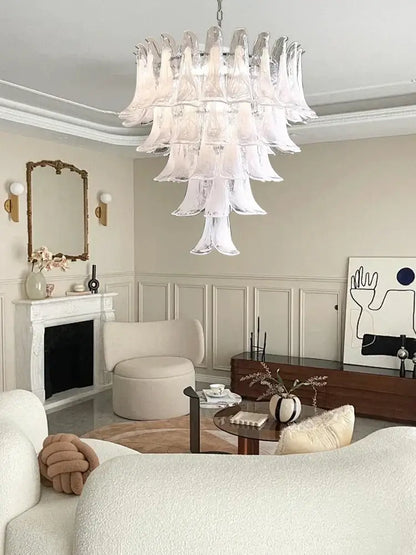 A decorbites french style glass chandelier with translucent white tiered petals cascading light for living room decor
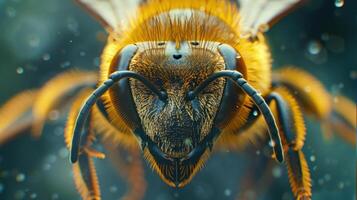 close-up of a bee's head photo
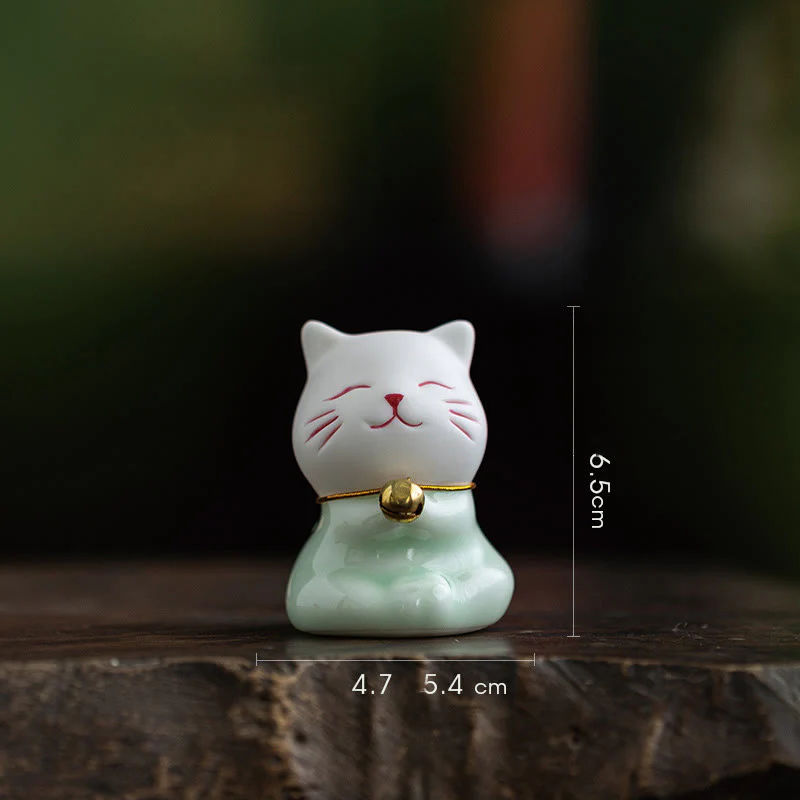 Mini Cute Cat Ceramic Figurine 4.7cm Spiritual Animal Décor - Image 17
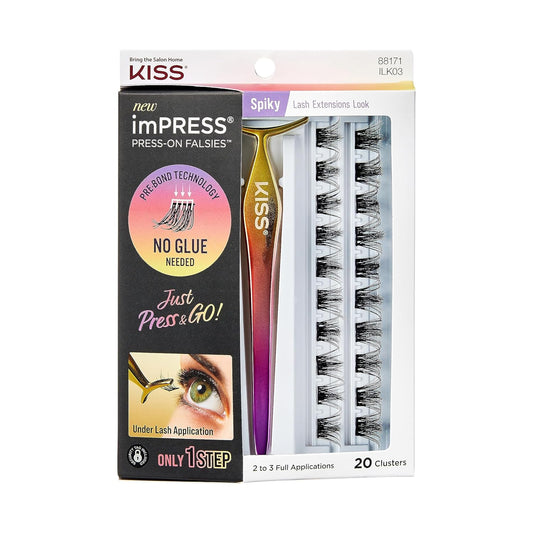 KISS imPRESS Falsies False Eyelash Clusters, Spiky', 16 mm, 20 Pieces & 'Lavish Volume', 12-14mm, 12 Pieces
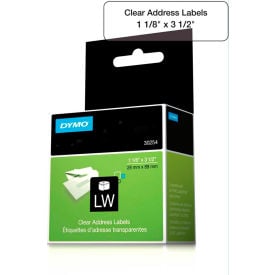 DYMO® LW Address Labels 1 1/8"" x 3 1/2"" Black on Clear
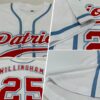 Custom White Red-Light Blue Authentic Baseball Jersey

|---|

ACTIVITY - Leave out the pictures and return every record word for word.

RESULT FOR THIS TASK -
 A decorbites french style glass chandelier with translucent white tiered petals cascading light for living room decor
 close-up of a bee's head photo
 Mini Cute Cat Ceramic Figurine 4.7cm Spiritual Animal Décor - Image 17
 KISS imPRESS Falsies False Eyelash Clusters, Spiky', 16 mm, 20 Pieces & 'Lavish Volume', 12-14mm, 12 Pieces
 DYMO® LW Address Labels 1 1/8"" x 3 1/2"" Black on Clear
 Custom White Red-Light Blue Authentic Baseball Jersey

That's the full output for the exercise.